This has to do with the variables YIELDed by a procedure call, and the only variables you can YIELD are defined by the procedure's signature (though you can alias them as you YIELD them).

You can use CALL apoc.help('periodic.iterate') to see the signature of the iterate call.
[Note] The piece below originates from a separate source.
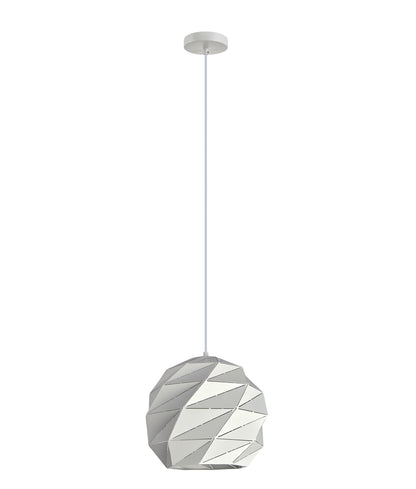 ORIGAMI Interior Dome Carved Iron Pendant Light - Small / Matte White - CLA Lighting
You only need to YIELD a subset of those variables, minimum 1. I typically default to YIELD batches, total, errorMessages and then RETURN those variables on the next line.


(Paul Drangeid) #5

Ok, I added the YIELD batches,total and return them at the end. (btw - would be helpful if that syntax is included in the APOC user guide.... that is left off in those examples.)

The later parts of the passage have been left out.